Not sure, might also depend on the age of your children. How many children are there?

I think you might only have to show money for one year and then again when you renew your permit.

Have a look here:

https://www.daad.de/deutschland/en/

and especially here:

https://www.daad.de/deutschland/nach-deutschland/voraussetzungen/en/9198-financing-your-studies/

and here:

https://www.daad.de/deutschland/nach-deutschland/bewerbung/en/9199-visa-application/

Would be a good idea to contact your nearest German Embassy or Consulate.


----------



## beppi

To get a visa, you need to show
- sufficient financial reserves for survival (in general, that means €8300/year per person)
- sufficient living space (e.g. rental apartment)
- health insurance (if you're joining the public insurance scheme, your dependants are covered free of charge)


----------



## ALKB

beppi said:


> To get a visa, you need to show
> - sufficient financial reserves for survival (in general, that means €8300/year per person)

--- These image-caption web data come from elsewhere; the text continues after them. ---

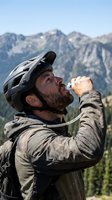 Adult male cyclist with dark beard and facial hair, Caucasian ethnicity, wearing black bicycle helmet and gray jacket, drinking water from bottle during mountain biking break with alpine peaks in background.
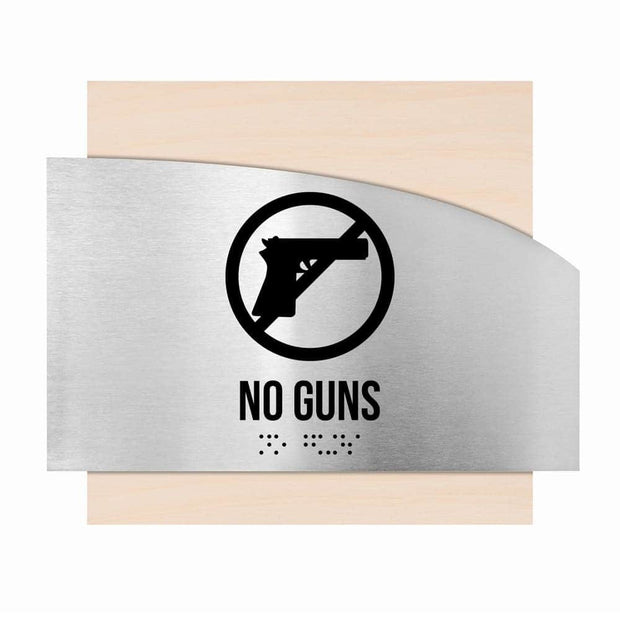 Door Signs No Guns Sings - Wood Sign - "Wave" Design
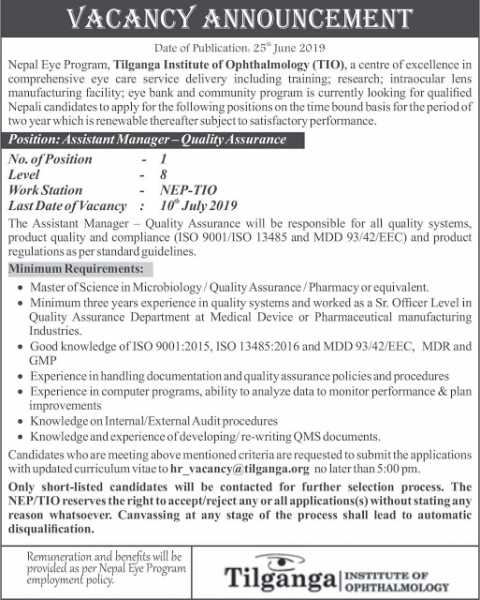  Job Vacancy At Tilganga Institute Of Ophthalmology; Position: Assistant Manager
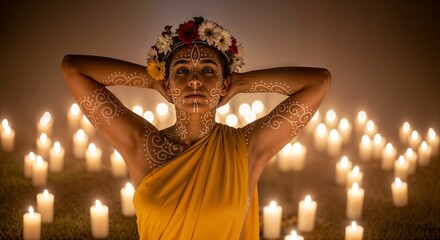 Serene Yellow-Clad Figure Amid Candles in a Mystical Night Setting
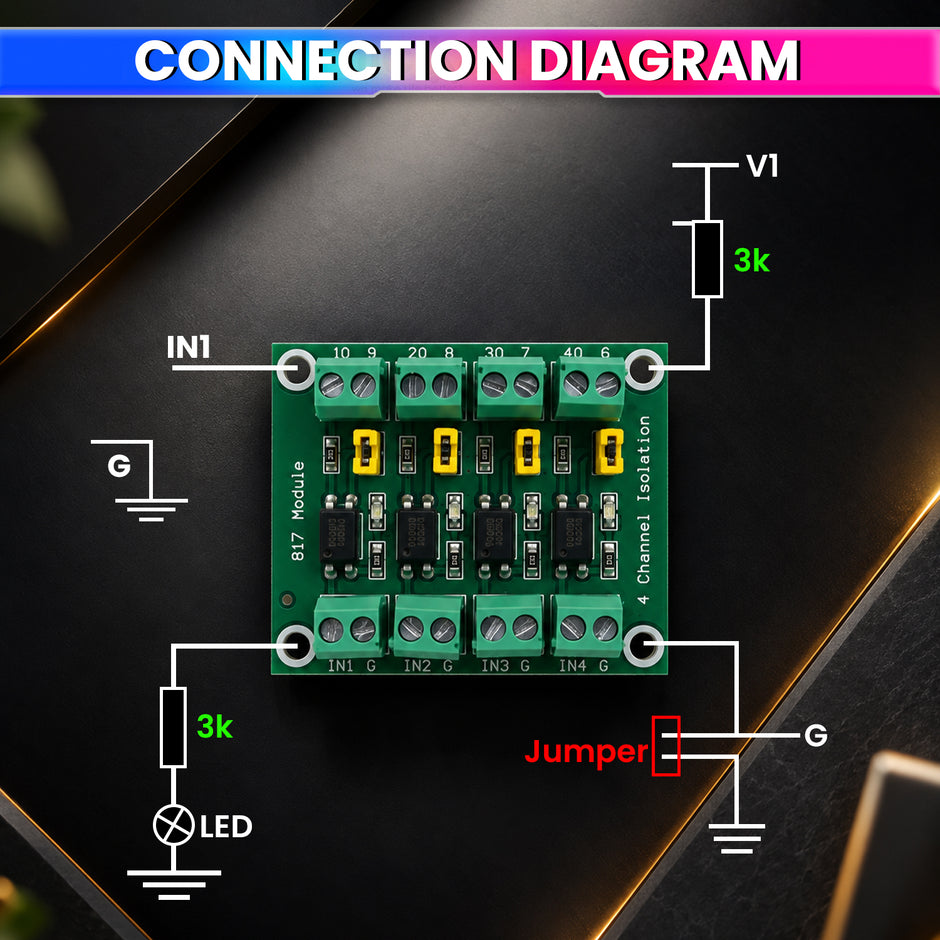 4-Channel Optocoupler Isolation & Level Converter Module, 3.3–24V Input to 3–30V Output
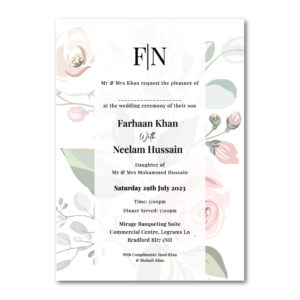 Pink Rose Wedding Invitation | 350 GSM Paper Shaadi Invitation & Envelope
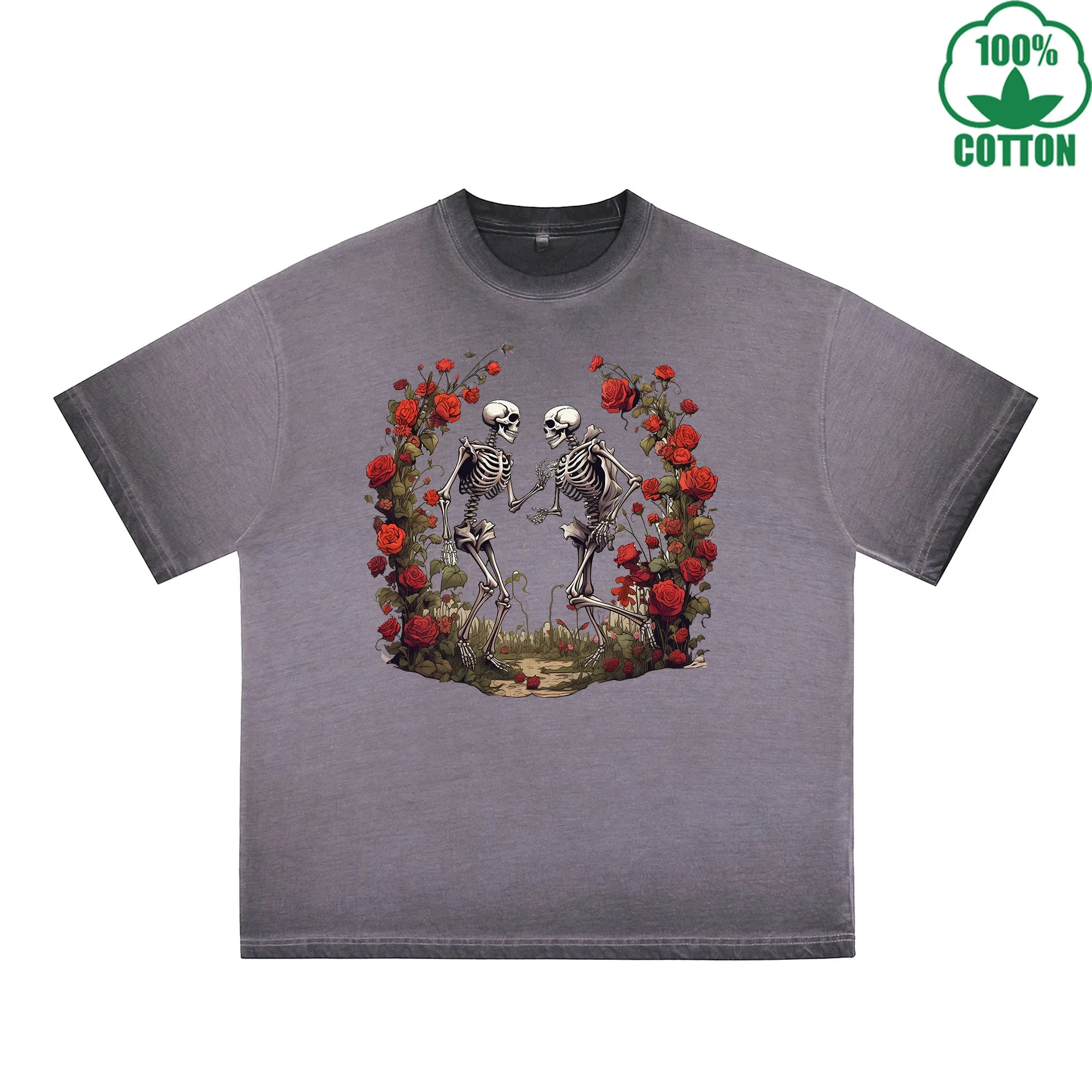 BOGGO  Love Printed Dirty Wash T-Shirt 230G Multicolor Loose Trendy Fashionable 100%Cotton Short Sleeve Top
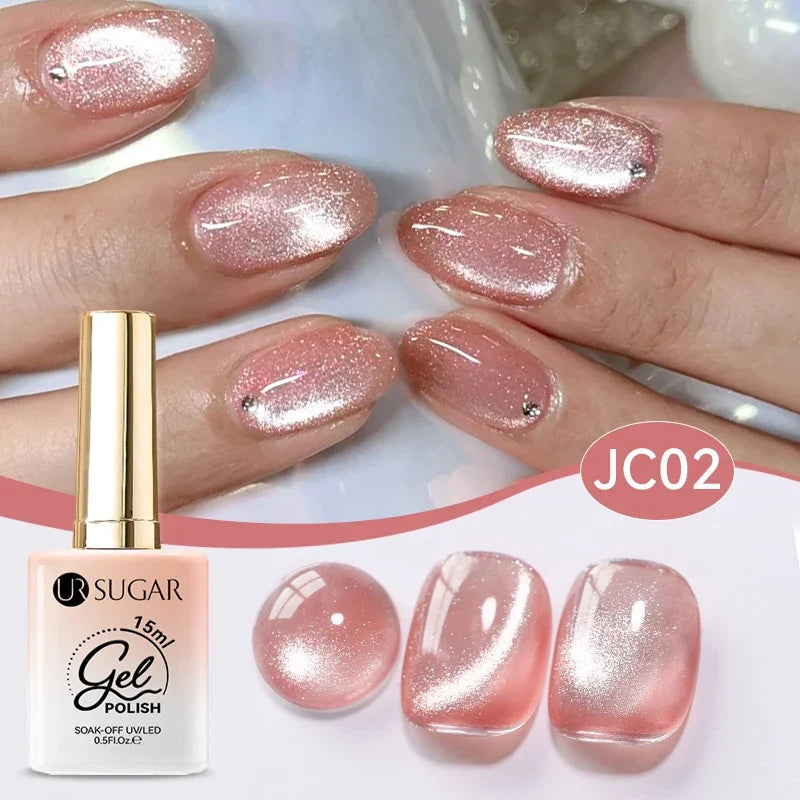 UR SUGAR Jelly Pink Cat Magnetic Gel Nail Polish 15ml - Glitter Ice Effect Soak Off UV LED Semi-Permanent Manicure Gel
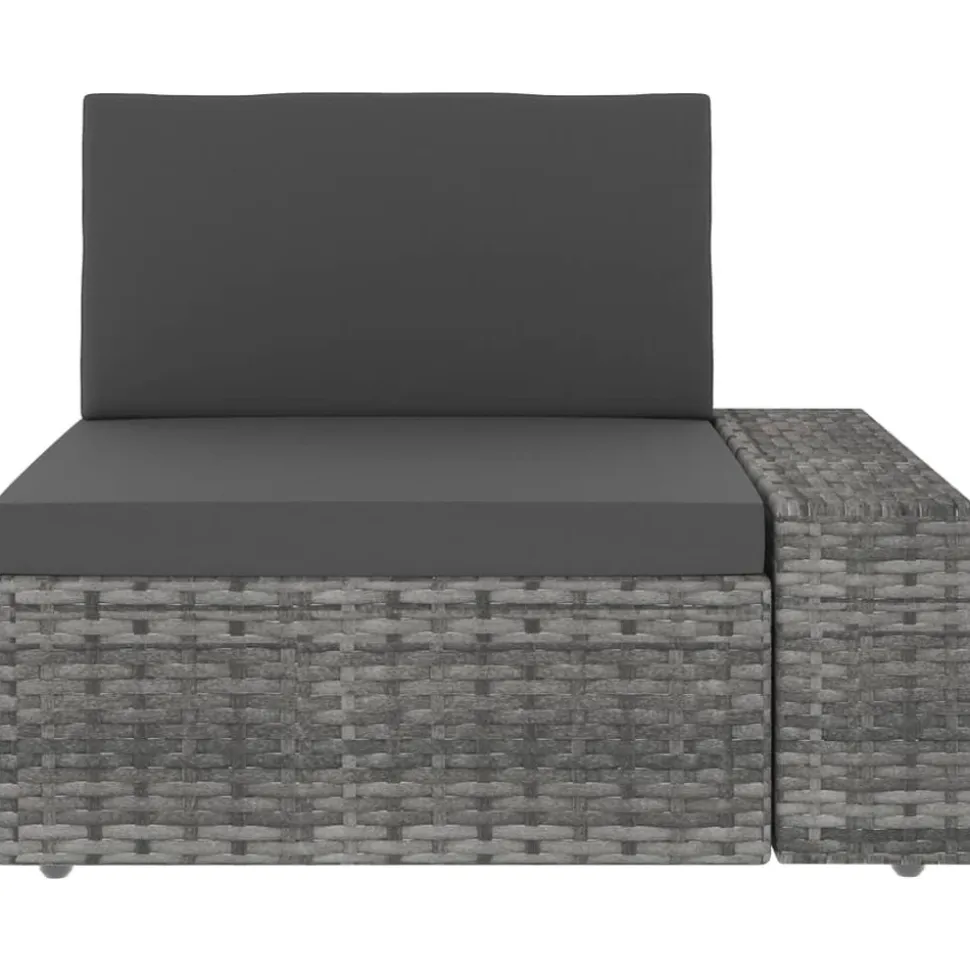 MAISON EXCLUSIVE - Salon de jardin 4 pcs résine tressée gris
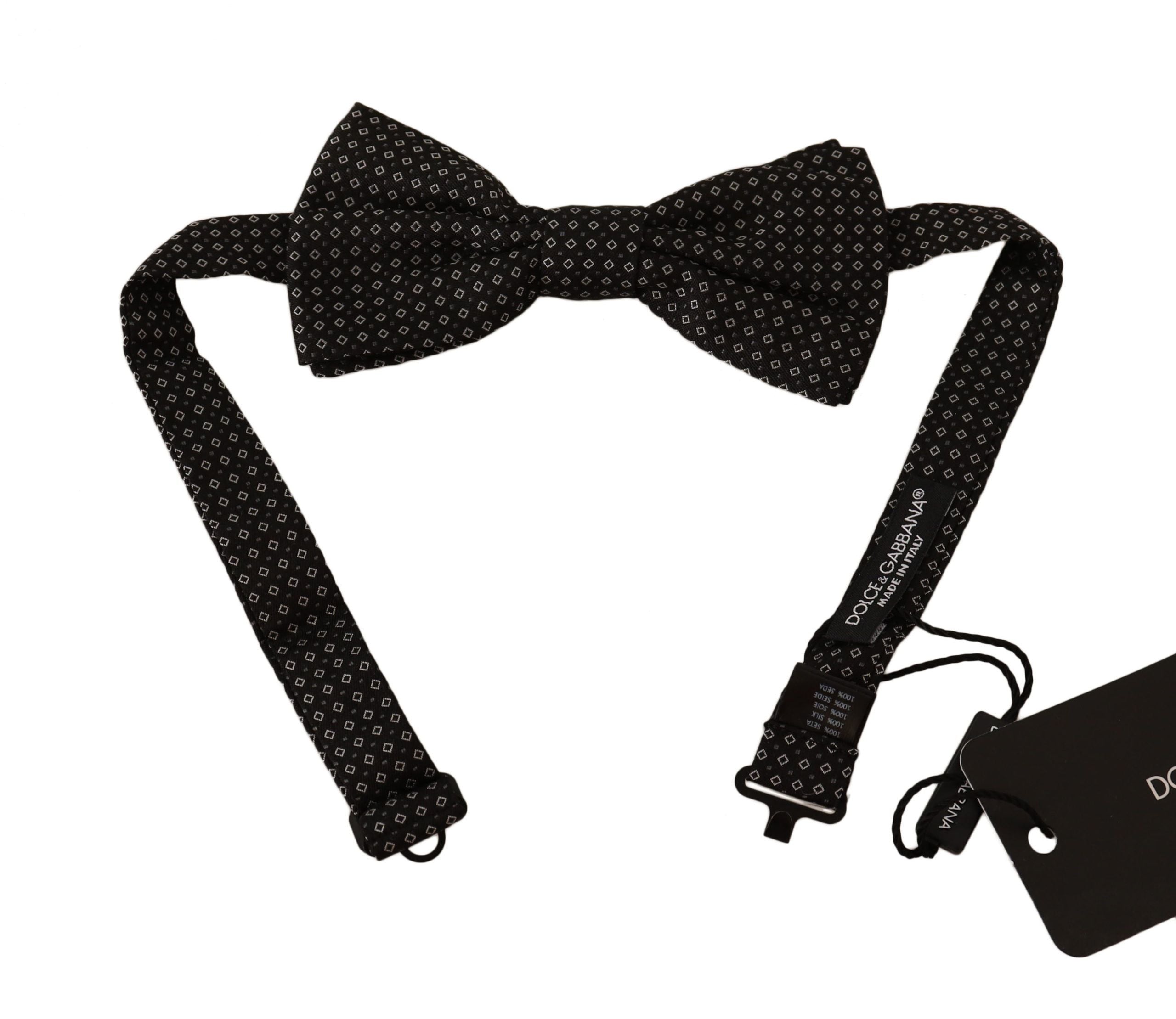 Dolce & Gabbana Elegant Black Patterned Silk Bow Tie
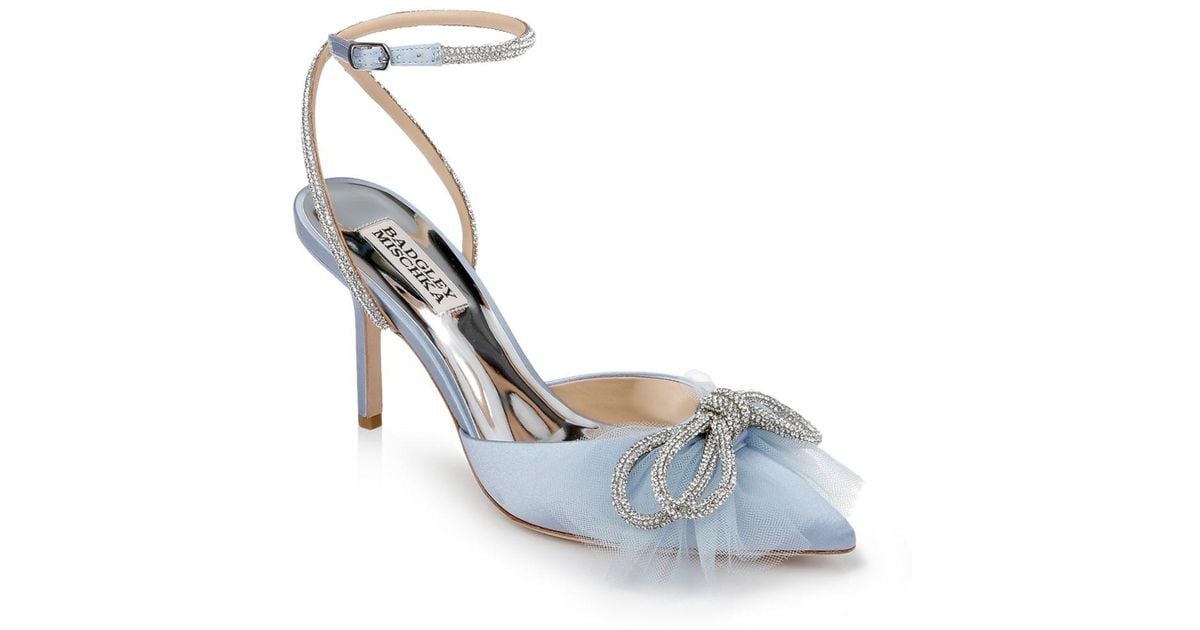 badgley mischka galaxy embellished ankle strap pointed toe pump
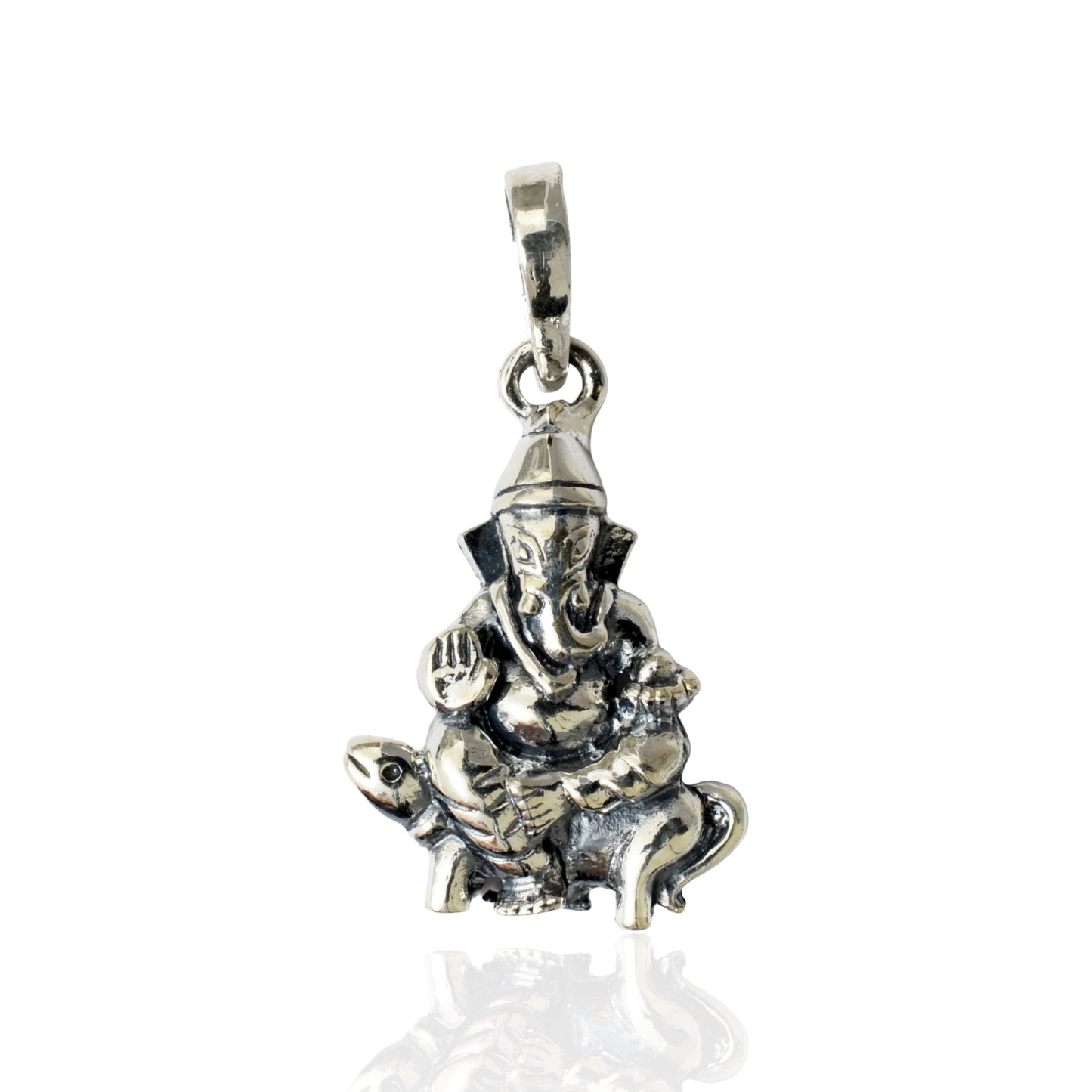 Azita 925 Sterling Silver God Ganesh Pendant for Men and Women| Mushak Sawari| Without Chain| With Certificate of Authenticity and BIS Hallmark.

Does this also apply to children? Unfortunately, I couldn't find anything about this online. The Austrians are very clear about this, they want to see 747/month for a single student, 1120/month for a couple and less than 80 Euro/month for each child.


----------



## beppi

ALKB said:


> Does this also apply to children? Unfortunately, I couldn't find anything about this online. The Austrians are very clear about this, they want to see 747/month for a single student, 1120/month for a couple and less than 80 Euro/month for each child.


As far as I know, the regulations make no difference between children and adults.
But you should check with your nearest German embassy!


----------